L'ex-policier devra en outre verser trois millions de roubles (plus de 32 000 $) de dommages-intérêts aux enfants d'Anna Politkovskaïa, qui avaient demandé dix millions de roubles (environ 97 000 $), a indiqué le tribunal.

Pour sa part, Sergueï Sokolov, le rédacteur en chef adjoint du journal d'opposition Novaïa Gazeta où travaillait la journaliste, a dit redouter que le commanditaire ne soit jamais identifié.

Cette inquiétude est partagée par l'association internationale de défense des journalistes Reporters sans frontières (RSF), qui a critiqué la tenue de ce procès express en deux jours, «sans examen des preuves et à huis clos partiel».

Ce procès «met en doute l'existence d'une réelle volonté de faire éclater la vérité et d'identifier l'ensemble des coupables et des commanditaires de ce crime», a estimé l'ONG dans un communiqué.

À la suite d'un accord conclu en mai entre le prévenu et le procureur général adjoint Viktor Grin, «le cas de Pavlioutchenkov a été isolé du reste de l'affaire et soumis à une procédure particulière» prévoyant une peine réduite des deux tiers par rapport à la sanction maximale encourue, déplore RSF.

En contrepartie, le prévenu devait plaider coupable et donner le nom du commanditaire, «mais comme le soulignent les enfants d'Anna Politkovskaïa, Pavlioutchenkov "n'a pas tenu ses engagements"», déplore l'ONG.

Avant même le début du procès, Dmitri Mouratov, le rédacteur en chef de Novaïa Gazeta - dont l'ancien dirigeant soviétique Mikhaïl Gorbatchev est l'un des actionnaires -, avait estimé qu'il existait un «tabou politique» sur l'élucidation de ce crime.

«Vu les obstacles qui entravent l'identification du commanditaire (de l'assassinat), celui-ci fait partie des personnes les plus intouchables dans la Fédération de Russie», avait déclaré M. Mouratov au cours d'une conférence de presse.

«Pavlioutchenkov essaie de présenter son rôle comme peu important, mais il (...) connaît sans doute le commanditaire», avait renchéri le fils de la journaliste, Ilia Politkovski, pendant cette conférence de presse.

Un homme originaire de Tchétchénie, Lom-Ali Gaïtoukaïev, est accusé d'avoir recruté Pavlioutchenkov après avoir lui-même reçu d'un commanditaire inconnu l'ordre de tuer la journaliste.

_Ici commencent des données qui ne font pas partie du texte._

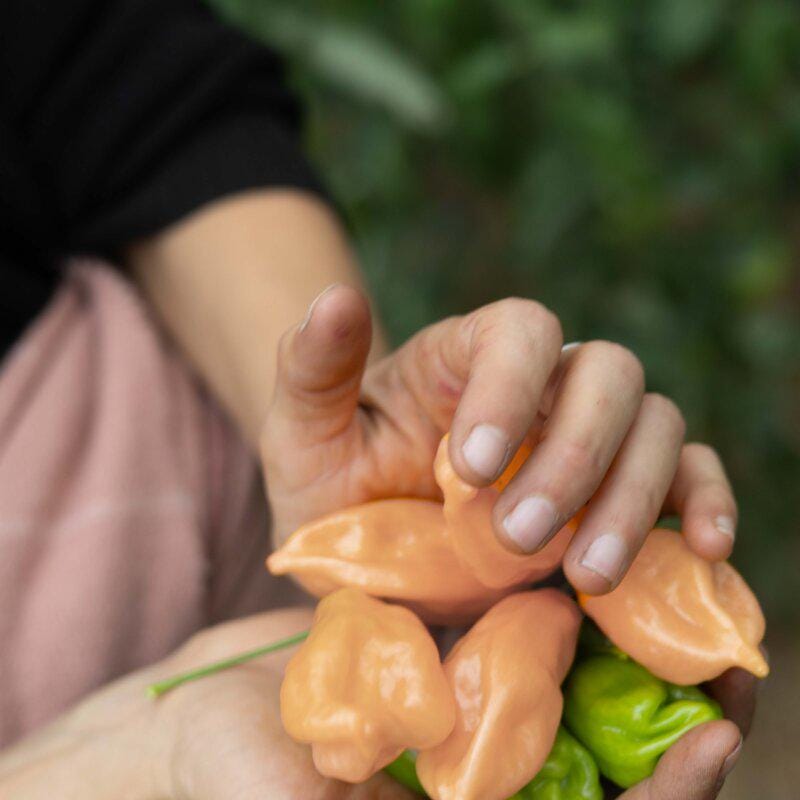Pink Habanero Pepper Seeds: Easy to Grow, Spicy, HOT, with Simple Instructions, Great Gift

L'homme se trouve en détention.

Trois frères tchétchènes, Roustam, Ibraguim et Djabraïl Makhmoudov, ont pour leur part été accusés d'être les exécutants. Roustam est en détention, alors que ses deux frères ont été acquittés à l'issue d'un procès en 2009.

En 2010, la Cour suprême russe a renvoyé l'affaire au parquet et l'enquête a été rouverte avec les mêmes suspects.

Anna Politkovskaïa, tuée le 7 octobre 2006 dans le hall de son immeuble à Moscou, a été l'une des rares journalistes russes à dénoncer les exactions pendant et après la guerre en Tchétchénie.